Read this part again:

"Society cannot exist, unless a controlling power upon the will and appetite is placed somewhere: and the less of it there is within, the more there must be without. It is ordained in the eternal constitution of things, that men of intemperate minds can not be free. Their passions forge their fetters."
-- Edmund Burke

Burke, from what I have read, had a great influence on many of the founding fathers. A republic such as ours can only exist if the people in general have a modicum of self control, which thoughtful people understand must be informed by universal religious principles.

"If men will not be governed by the Ten Commandments, they shall be governed by the ten thousand commandments." --G. K. Chesterton

Feral humans cannot control themselves, and if the society has enough of them, such anarchy will ensue that people will be begging for martial law. This isn't theory, it will happen. Unless something changes. The road we're on now inevitably leads to the ultimate in jack booted thugism.

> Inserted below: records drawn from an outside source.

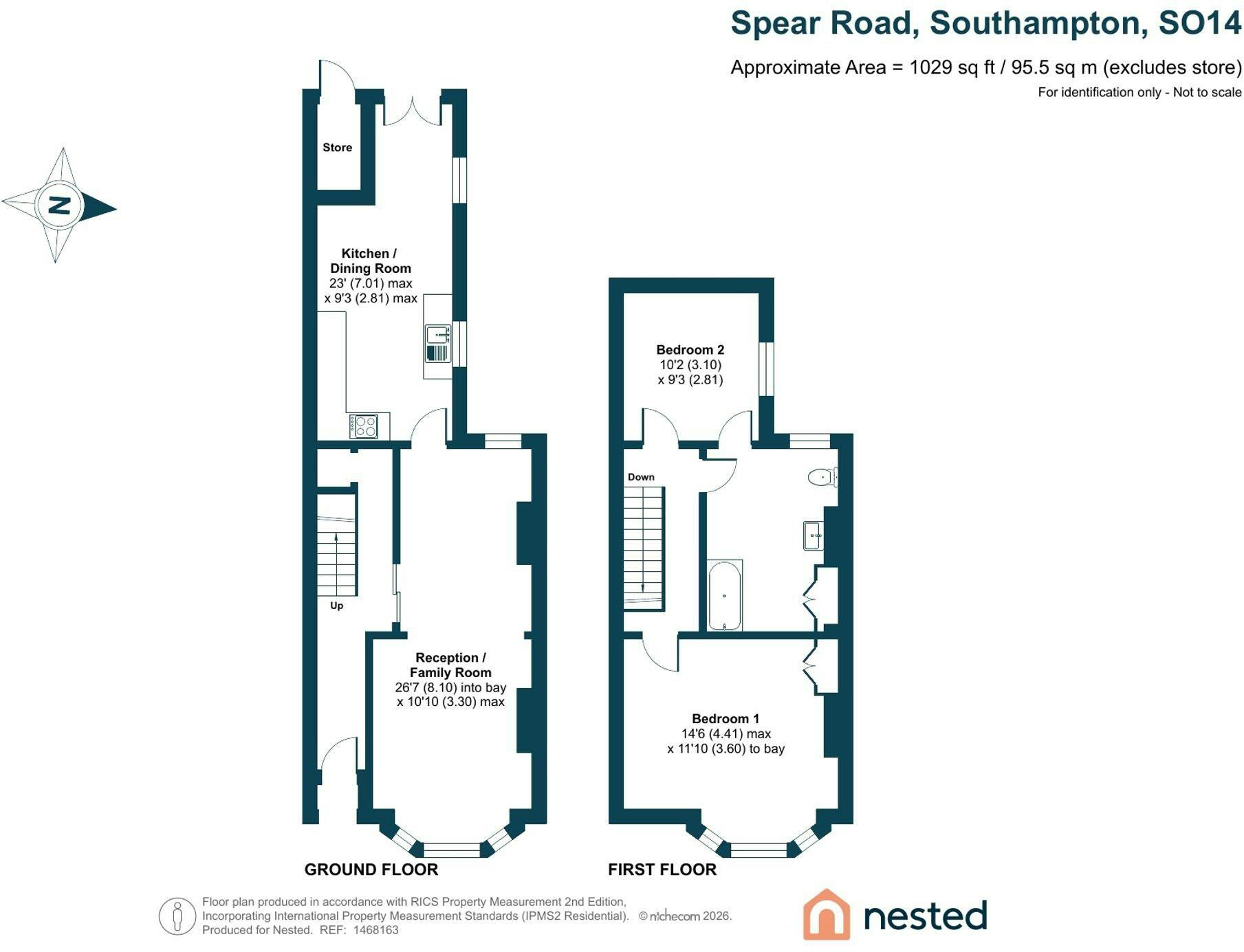 Floorplan 1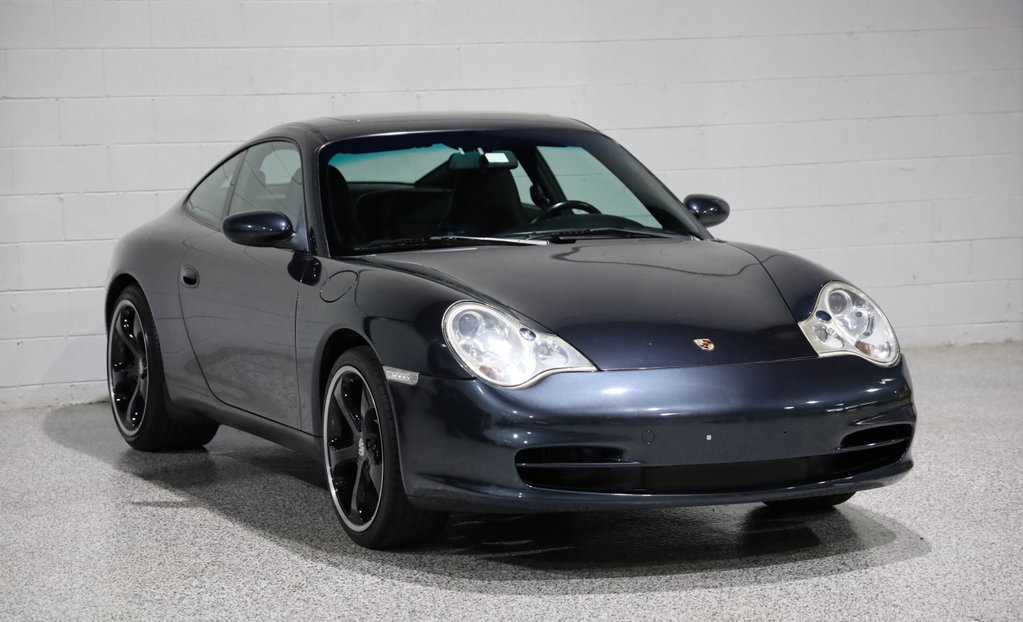 Porsche 996.2 Carrera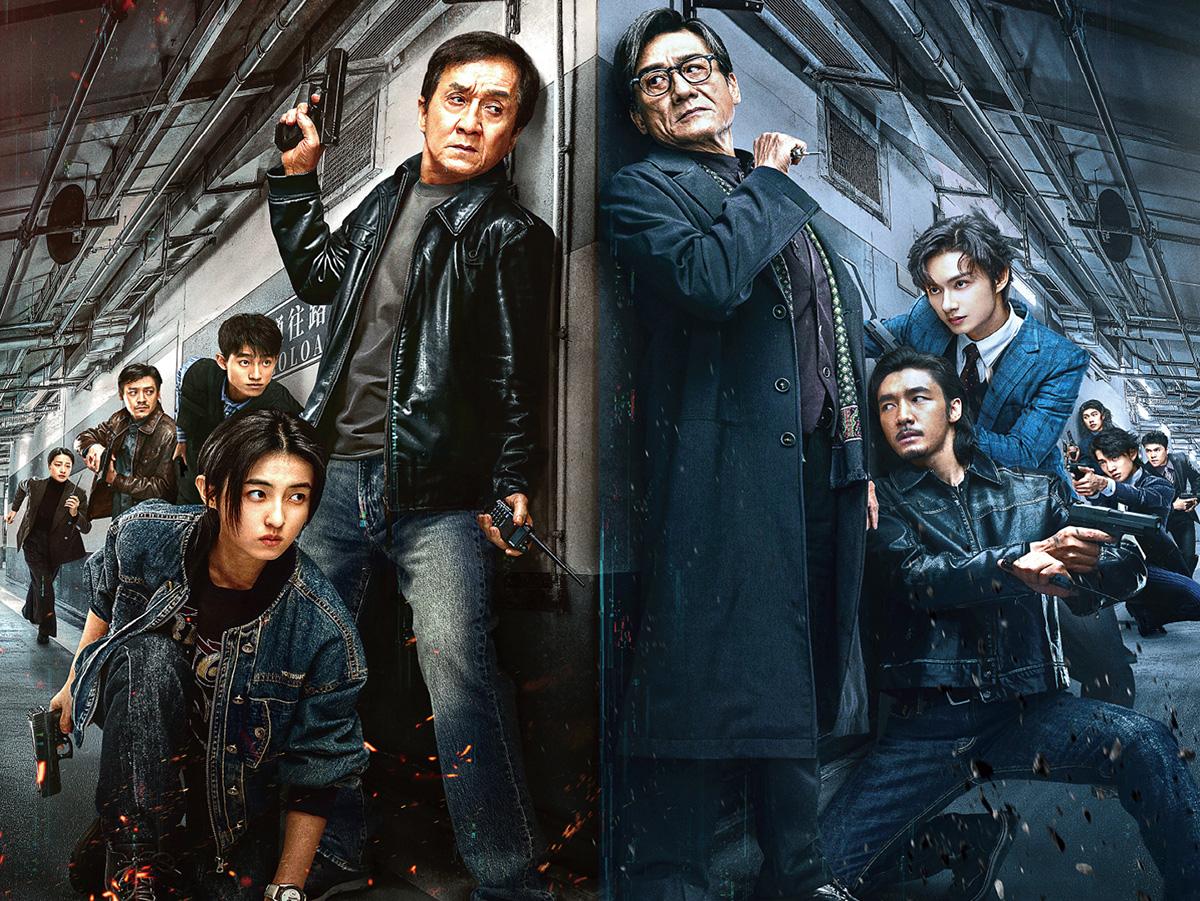 アクション×頭脳戦×関係性の面白さにハマる。『シャドウズ・エッジ』が描く2つの擬似家族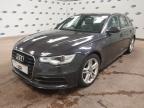 2014 AUDI A6 S LINE for sale at Copart NEWBURY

"Does history warrant the conclusion that religion is necessary to morality -- that a natural ethic is too weak to withstand the savagery that lurks under civilization and emerges in our dreams, crimes, and wars? ... There is no significant example in history, before our time, of a society successfully maintaining moral life without the aid of religion." ---Will and Ariel Durant

"History fails to record a single precedent in which nations subject to moral decay have not passed into political and economic decline. There has been either a spiritual awakening to overcome the moral lapse, or a progressive deterioration leading to ultimate national disaster." -- General Douglas MacArthur


146 posted on 10/10/2005 7:53:47 PM PDT by little jeremiah (A vitiated state of morals, a corrupted public conscience, are incompatible with freedom. P. Henry)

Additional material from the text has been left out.